# TASK
Produce a word-for-word copy of the lines from the one that contains "A bare, brown" to the final line of the data below, with all pictures dropped.

# DATA
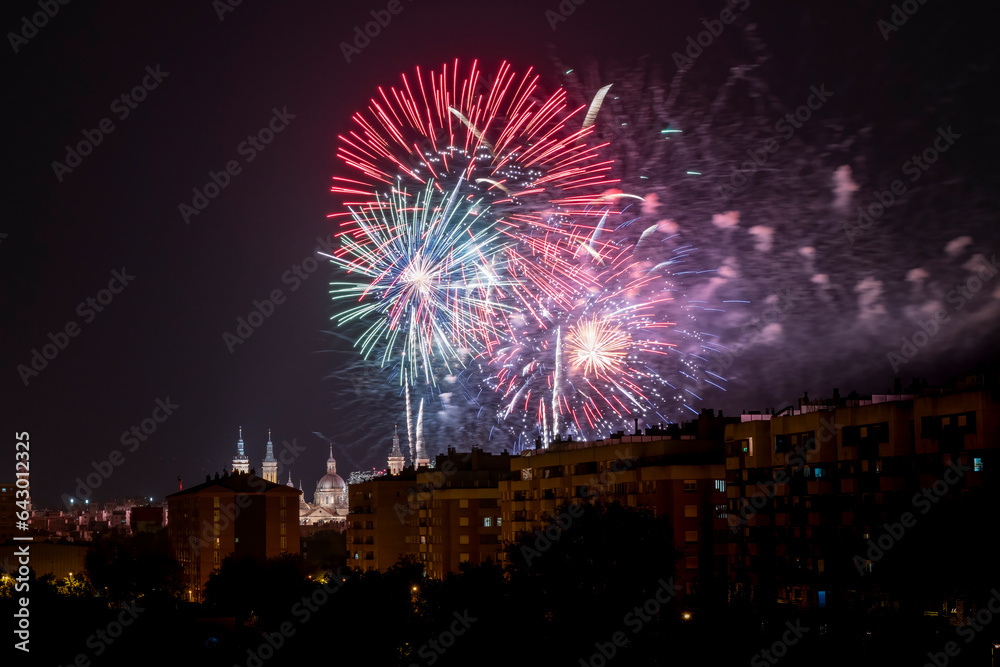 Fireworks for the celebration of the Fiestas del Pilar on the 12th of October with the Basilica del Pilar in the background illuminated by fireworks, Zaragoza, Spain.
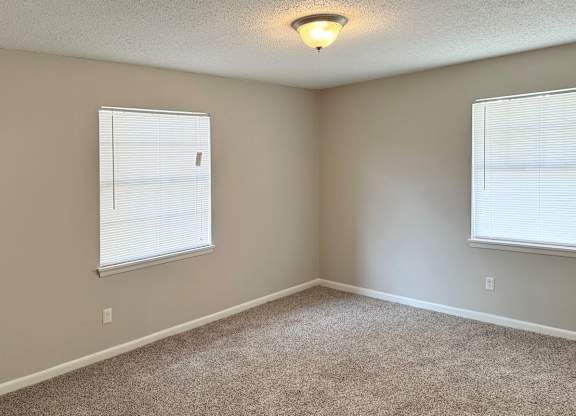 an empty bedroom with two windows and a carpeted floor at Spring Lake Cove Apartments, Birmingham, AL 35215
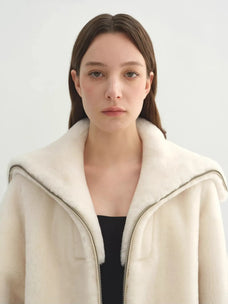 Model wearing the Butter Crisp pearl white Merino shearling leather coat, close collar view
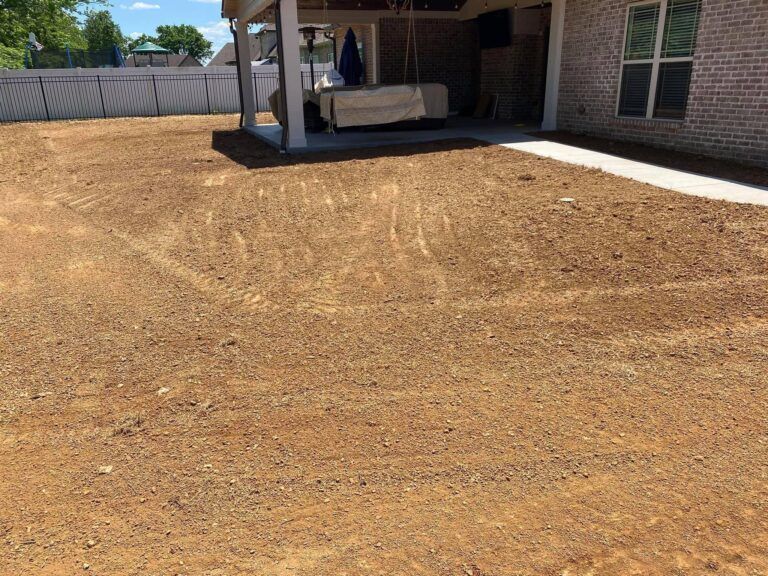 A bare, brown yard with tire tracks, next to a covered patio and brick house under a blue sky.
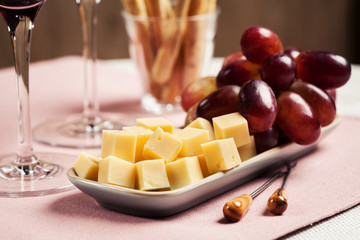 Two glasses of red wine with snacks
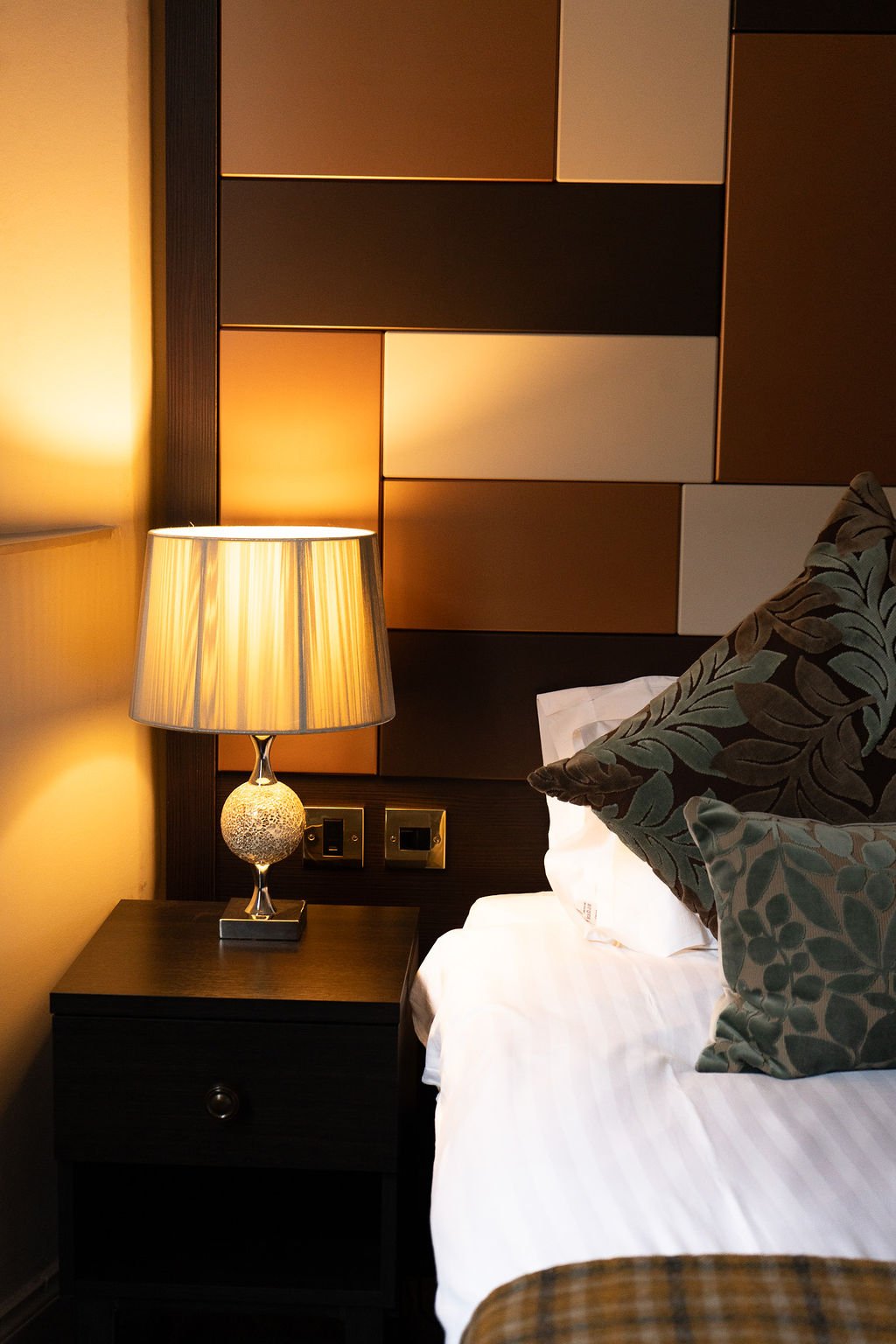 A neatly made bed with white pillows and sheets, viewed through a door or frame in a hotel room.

# FINAL ANSWER
 A bare, brown yard with tire tracks, next to a covered patio and brick house under a blue sky.
 Two glasses of red wine with snacks
 A neatly made bed with white pillows and sheets, viewed through a door or frame in a hotel room.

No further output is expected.